= Chauzje Choosha =

Zambian sprinter

Chauness Chauzje Choosha (born 31 December 1992) is a Zambian sprinter. She participated in the 2012 IAAF World Indoor Championships where she established a new Zambian national record in the 60 metres, and was eliminated at the semi-final stage of the 100 metres at the African Championships in Athletics. Choosha qualified for the 2012 Summer Olympics via a wildcard and did not qualify for the preliminary round of the 100 metres.

==Early life==
Choosha was born on 31 December 1992 in Monze, Zambia. She was educated at Musuku High School.

==Career==
===2012 IAAF World Indoor and African Championships===
Choosha made her international athletics début at the 2012 IAAF World Indoor Championships in the 60 metres, and set a new Zambian national record in the discipline, with a time of 8.19 seconds. However, she finished eighth (and last) in her heat and did not advance to the semi-finals. She later travelled to Benin to compete in the 2012 African Championships in Athletics where she participated in the 100 metres and qualified for the semi-finals with a time of 12:72 seconds, but was eliminated from competition after the semi-final round. Phiri also took part in the 200 metres but did not make the semi-final round after finishing last in her heat and 30th overall.

===London Olympics===
Choosha qualified for the 2012 Summer Olympics in London via a wildcard after long-distance runner Tonny Wamulwa was injured in a road traffic accident three weeks before the games started. She took part in the women's 100 meters in the preliminary round on 3 August and was drawn in heat one, finishing fourth out of eight athletes, with a time of 12:29 seconds.

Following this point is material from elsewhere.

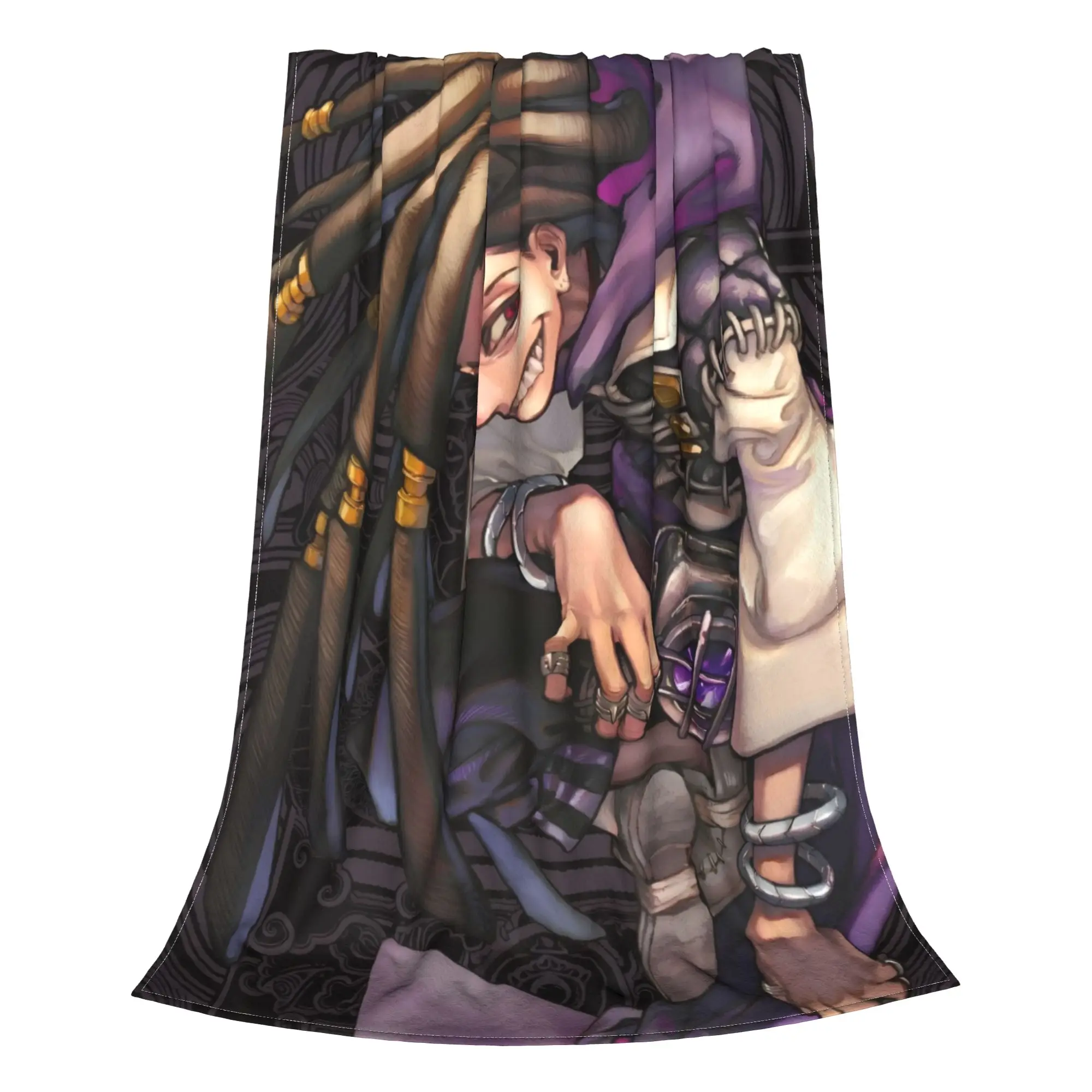 Gachiakuta Jabber Blanket All Season Gachiakuta  Multifunction Super Warm Throw Blankets For Bedding Travel  Plush Thin Quilt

As of 2016, the time is her personal best. She ranked ahead of Afa Ismail from the Maldivies (12.52 seconds) and Jordan's Rima Taha (12.66 seconds) in a heat led by Feta Ahamada of the Comoros (11.81 seconds). Overall, she finished 57th out of 78 competitors, and did not advance into the first round because her fastest time was 0.05 seconds slower than the slowest athlete who progressed.